Pension Obligation Bonds No Panacea for State Budget Liabilities

ILcap

Illinois has a new governor and Chicago will soon have a new mayor—and the same old underfunded public pensions. Inheriting a predecessor’s debts is never fun, but the need to address them is unavoidable. The question is how, and there is both a right way and a wrong way.

The right way is to adopt policies that keep the debt from growing, help pay it down, and avoid it growing out of control in the future again. The wrong way is to kick the can down the road. Unfortunately, many state and local governments often opt for the latter route. One way they do this is by issuing pension obligation bonds, which as the Reason Foundation’s Marc Joffe explains, “just converts one type of debt to another.”

The attraction of pension obligation bonds—and idea outgoing Chicago Mayor Rahm Emmanuel has floated—is that they can superficially look like “refinancing,” but they’re not. State and local governments can use pension obligation bonds to lower their current payments into their pension plans, but long-term savings are illusory. As Forbes columnist and actuary Elizabeth Bauer explains:

Certainly, promoters of Pension Obligation Bonds are hoping to capitalize on the perception of “refinancing” as an ordinary household money-saving tool. Consumers with credit card debt can reduce the amount they spend on interest by taking out a home equity loan with a lower interest rate, then paying off their debt. Likewise, if your mortgage has an 8% interest rate and you have the chance for a 4% interest rate, you can reduce your spending on interest by paying off the 8% mortgage with the proceeds from a new 4% mortgage.

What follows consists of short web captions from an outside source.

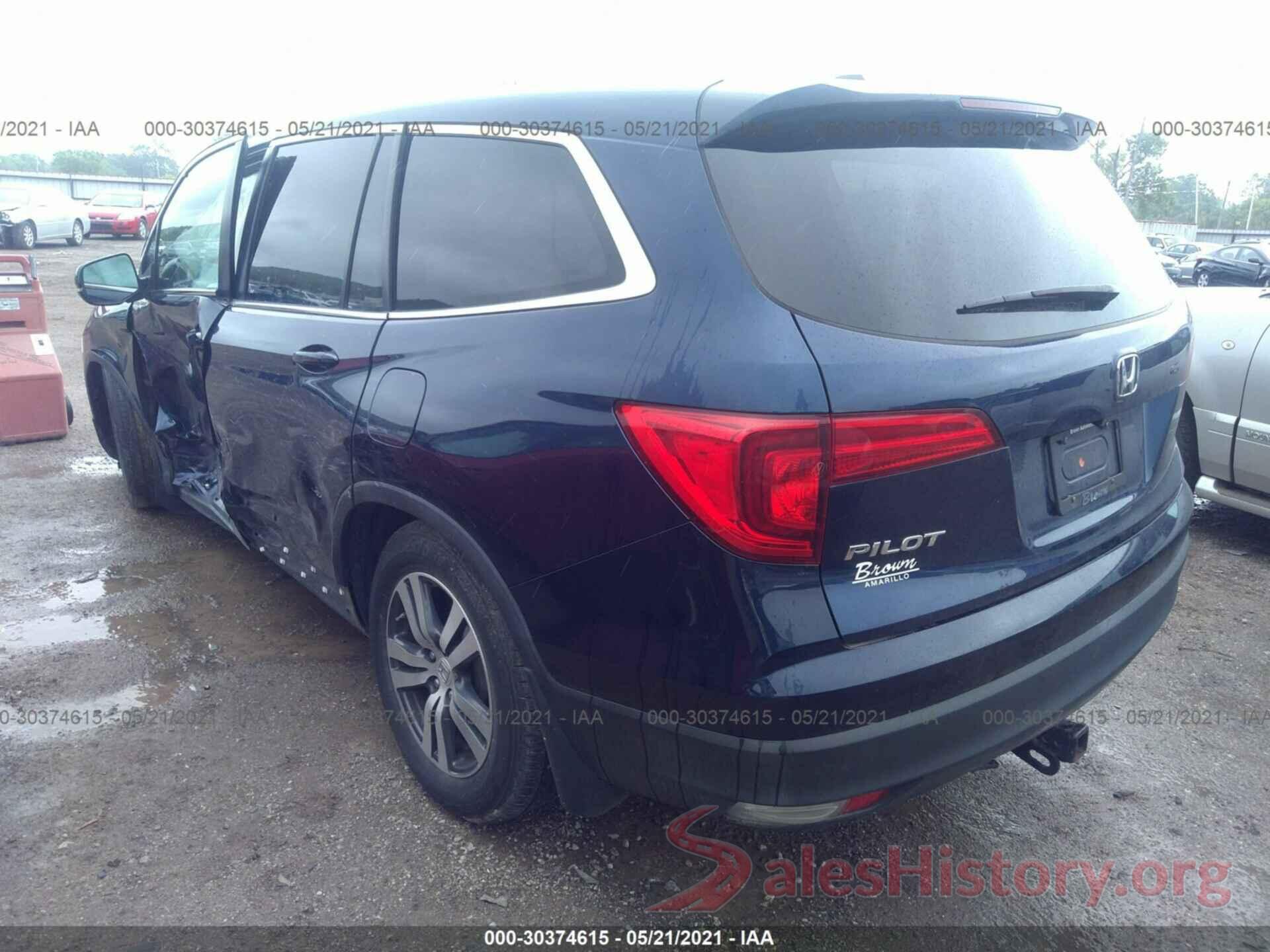 5FNYF5H36HB036902 2017 HONDA PILOT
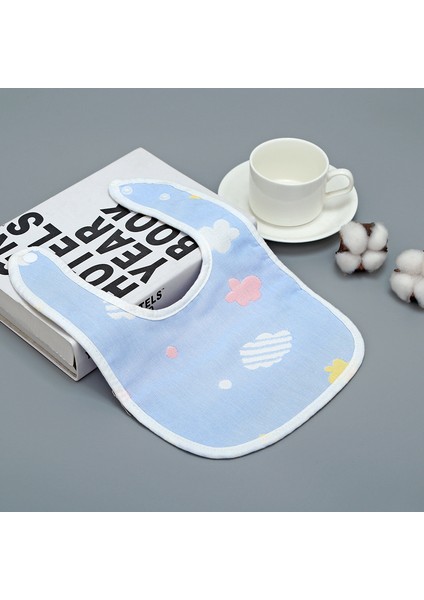 Salya Akıtan Havlu Pamuk Önlükler Altı Katlı Gazlı Bez Petal Önlükler (Yurt Dışından)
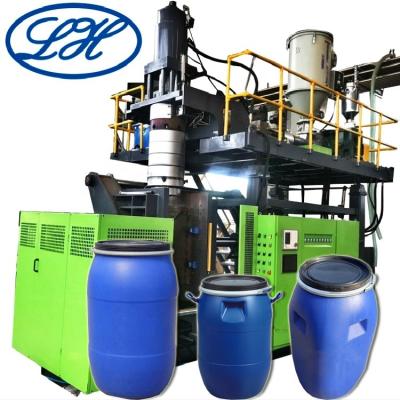 China Plastic Bottle HDPE 50Liter~100Liter Barrel Drums Extrusion Blow Molding Making Machine Price à venda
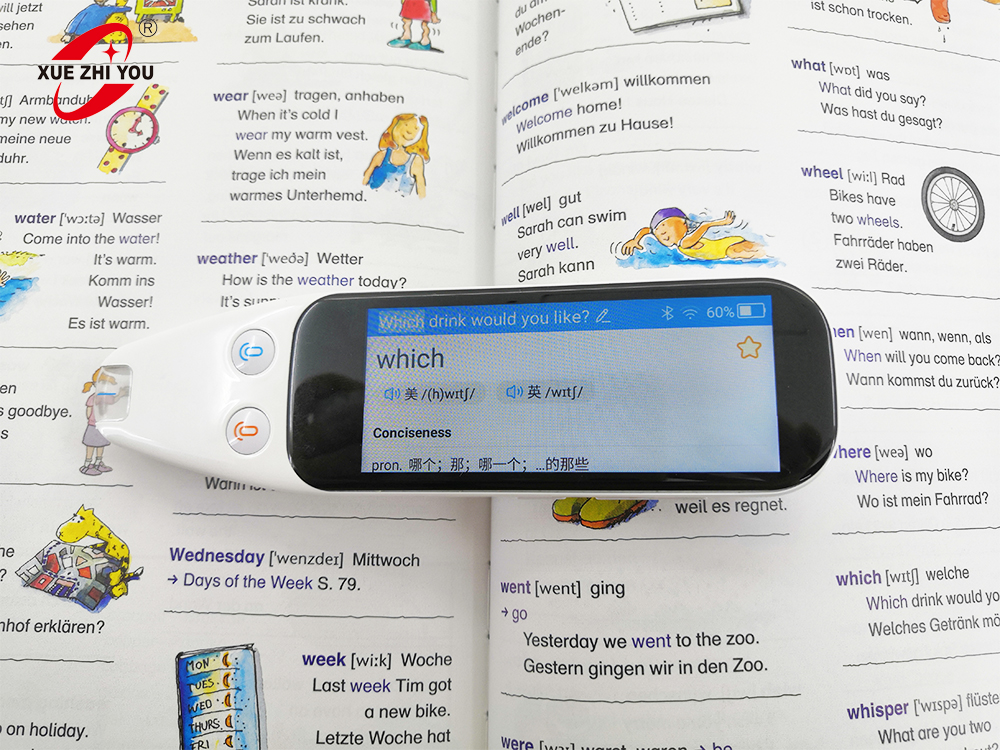 Ultra-portable scantalker translation pen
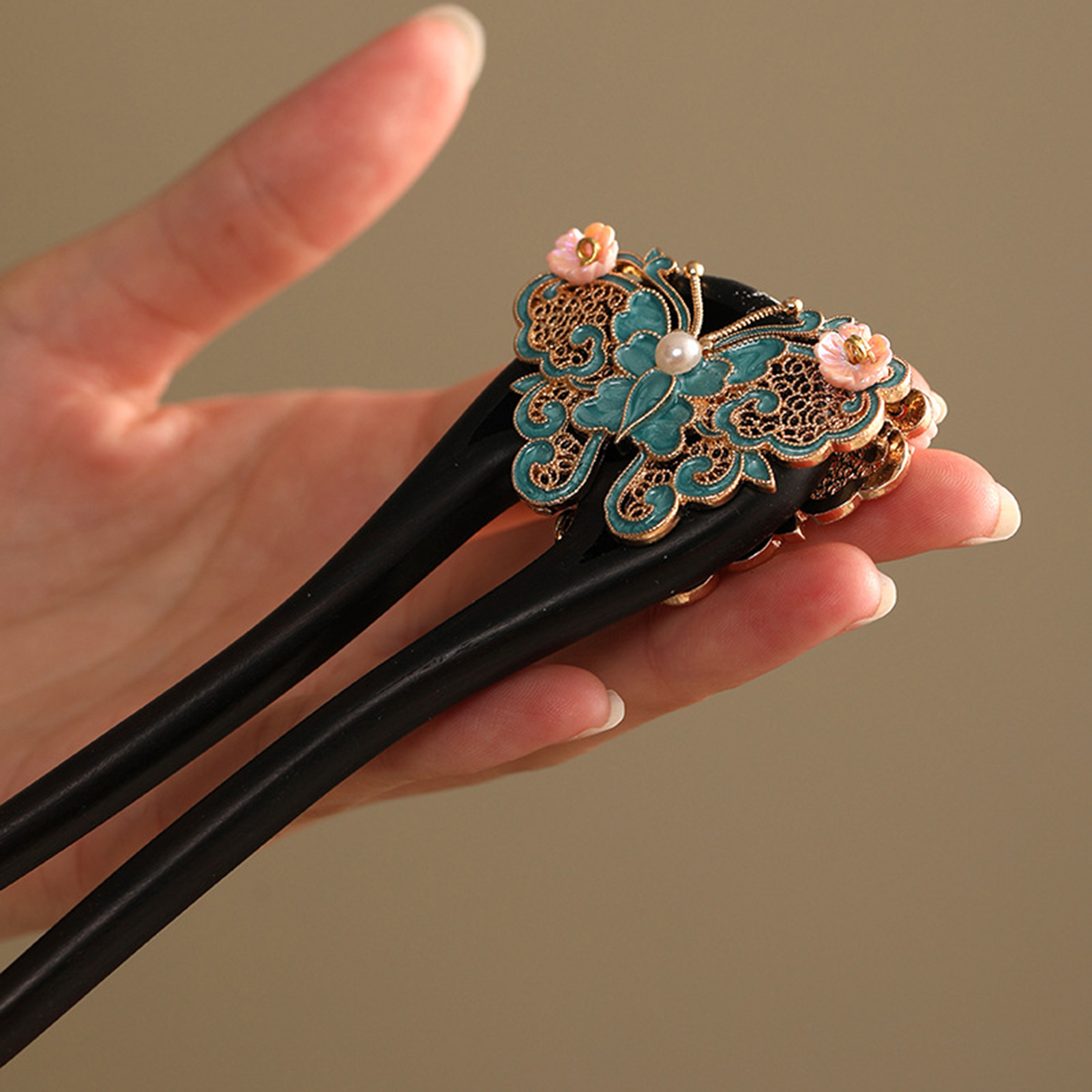U Shape Chinese Style Hairpin  – Vintage Fashion Shop Bewertung und Preis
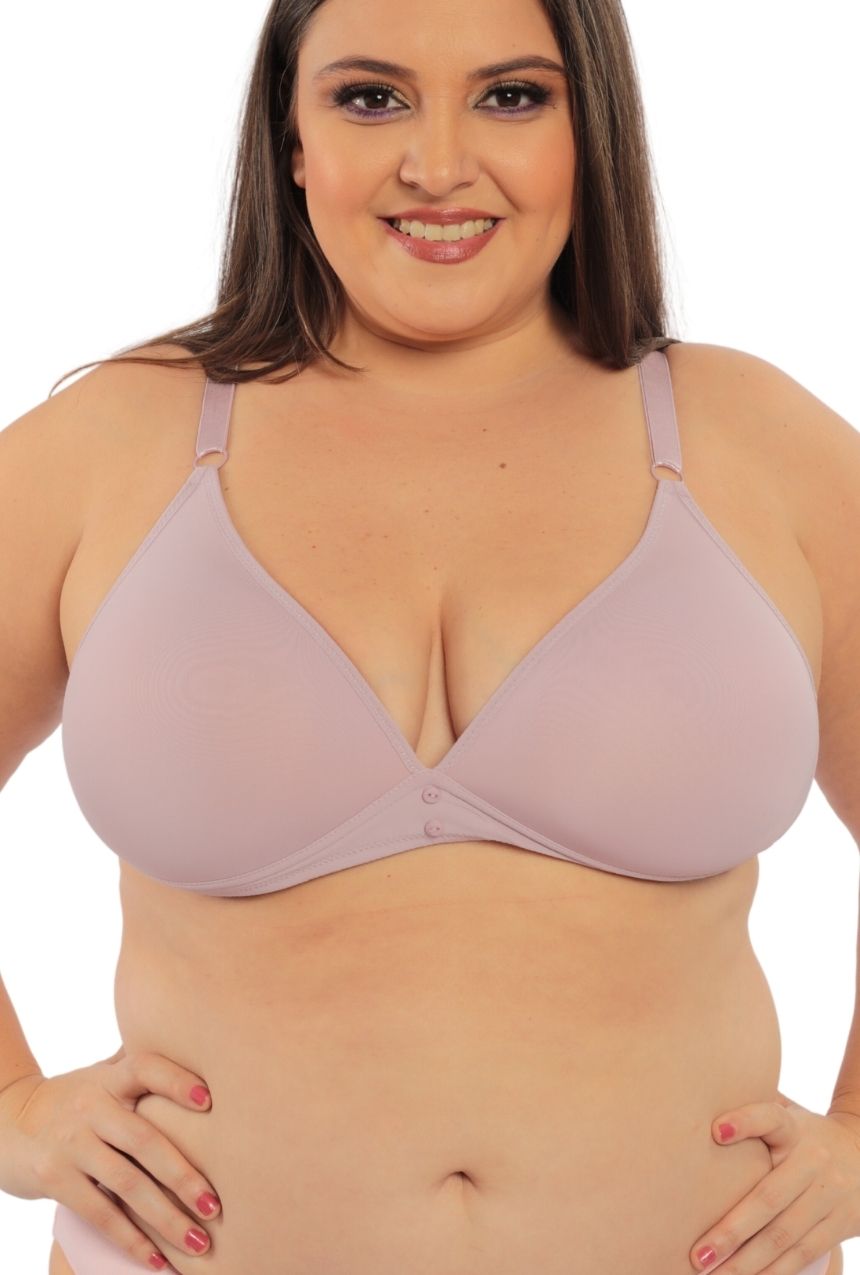 Paquete de 3 Brasier copa triangular sin varilla nude-negro-mauve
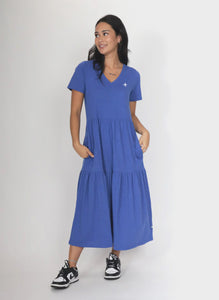 Federation Easy V Dress Cobalt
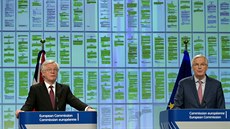 éf unijního vyjednávacího týmu Michel Barnier a britský vyjednáva David Davis novinám v pondlí ekli, e se týmy z vtí ásti shodly na dohod o vystoupení Velké Británie z EU. (19. bezna 2018)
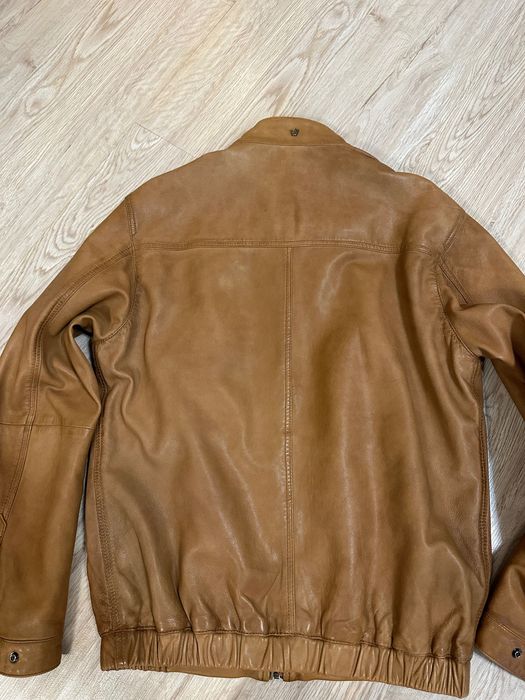 Мъжко кожено яке Massimo Dutti, Размер S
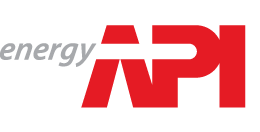 The energy api logo on a black background.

But that’s not how it works in the public sector, because the payment obligations are fixed. Bauer concludes:

Whether a 4% rate or a 7% rate or another rate is chosen to determine the present value of those benefits for financial reporting purposes will not change the future benefit payments. And issuing a bond and reducing the expense reported, in total, because of a lower interest rate, does not impact the ultimate cost of those benefit payments.

The liabilities are still out there. The bonds have to be paid back. The taxpayers gain only if the actual return on the money invested with those bonds exceeds the interest rate the city pays to bondholders.

The problem, Bauer notes in another column, is that current incentives such can-kicking practices.

[O]nce it’s accepted that pensions are funded at some point in the future, it creates conditions for gaming the system, a form of borrowing from future generations in which lawmakers can hide the full extent of their promises from taxpayers, and enable a whole chain of benefit-boosting practices such as pension spiking.

Long-lasting reform requires changing the rules of the game.

What should happen? In the first place, all new employees in these retirement systems should be moved onto Social Security, as is already the norm for teachers in 35 other states. Then, their employer-provided benefits should be provided in the form of fixed contributions, either via a benefit structure that’s the equivalent to private-sector 401(k) plans or via some version of a hybrid plan which provides for pooled investments and benefits but in which participants share and smooth risks rather than the state bearing the risk.

While Bauer focuses mostly on Illinois, her recommendations are applicable to other states facing similar pension underfunding problems.